PAP: Dla osób, które nie są fizykami, mechanizmy rządzące światem kwantowym mogą się wydawać sprzeczne z intuicją. Cząstki mogą być w superpozycji, a więc być nie w jednym miejscu naraz albo mogą być splątane i "komunikować się" na odległość... Czy są rzeczy w fizyce kwantowej, których pan, światowej klasy ekspert, ciągle nie rozumie, nie potrafi sobie wyobrazić, w które nie może pan uwierzyć?


Prof. Anton Zeilinger: Ciągle nie wiemy, dlaczego w przyrodzie jest mechanika kwantowa. Co innego jest z teorią względności Alberta Einsteina. Ona bazuje na tym, że prawa fizyki są w różnych miejscach takie same. I u nas, którzy siedzimy w miejscu, i w pociągu, który się szybko porusza. A w mechanice kwantowej nie mamy takiej zasady. Nie rozumiemy, skąd właściwie ta mechanika się wzięła. Chociaż nie mamy wątpliwości, że ona prawidłowo opisuje świat. Przeprowadzono już pewnie miliony doświadczeń, które potwierdzają słuszność mechaniki kwantowej. Poza tym na odkryciach mechaniki kwantowej bazują działające już urządzenia - np. półprzewodniki czy układy w telefonach.


PAP: Jestem ciekawa, jaka filozofia kryje się za fizyką kwantową. W końcu mechanika kwantowa różni się od tego, co widzimy na co dzień, od rzeczywistości, której doświadczamy. Czy pana podejście do świata, myślenie o rzeczywistości zmieniło się pod wpływem przemyśleń na temat mechaniki kwantowej?

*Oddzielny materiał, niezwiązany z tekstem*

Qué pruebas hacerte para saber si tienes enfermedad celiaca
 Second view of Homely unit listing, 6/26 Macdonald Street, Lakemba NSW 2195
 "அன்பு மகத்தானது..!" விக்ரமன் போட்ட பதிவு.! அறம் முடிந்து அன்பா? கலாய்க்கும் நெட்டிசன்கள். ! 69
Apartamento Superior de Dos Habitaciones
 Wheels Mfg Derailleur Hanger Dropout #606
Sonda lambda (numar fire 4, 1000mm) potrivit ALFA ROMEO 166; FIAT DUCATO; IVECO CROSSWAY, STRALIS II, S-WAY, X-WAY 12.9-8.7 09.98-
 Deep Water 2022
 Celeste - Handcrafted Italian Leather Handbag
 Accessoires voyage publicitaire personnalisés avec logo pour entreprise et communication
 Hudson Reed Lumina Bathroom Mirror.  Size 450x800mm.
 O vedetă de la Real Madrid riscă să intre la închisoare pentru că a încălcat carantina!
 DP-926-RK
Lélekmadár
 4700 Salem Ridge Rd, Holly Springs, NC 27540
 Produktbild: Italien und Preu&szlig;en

A.Z.: Według mnie są dwie ważne sprawy. Najważniejszą konsekwencją, jaka wiąże się z mechaniką kwantową, jest to, że nie można zakładać, że system kwantowy ma właściwości, zanim dokona się jego obserwacji, zanim dokona się na nim pomiarów. Jeśli więc zaobserwuję cząstkę, która propaguje się w przestrzeni i znajdę ją w jakimś miejscu, nieprawidłowe jest założenie, że cząstka była tam, zanim ją zaobserwowałem. Nieprawidłowym jest w ogóle zakładanie, że cząstka była w jakimś zdefiniowanym miejscu, zanim się ją zmierzyło.


PAP: Czyli co, ta cząstka była nigdzie? Czy może nie było tej cząstki?


A.Z.: Nasz codzienny język sobie z tym nie radzi. Błędnym jest spodziewać się, że cząstka była w konkretnym miejscu. Niektórzy mówią, że cząstka była "rozmazana" w przestrzeni. Ale cząstka nie wie, gdzie jest i nikt tego nie wie. Jest niezdefiniowana. Spodziewanie się, że ona "gdzieś była" jest mylne. Tak samo, jak mylne jednak jest również zakładanie, że jej "nigdzie nie było".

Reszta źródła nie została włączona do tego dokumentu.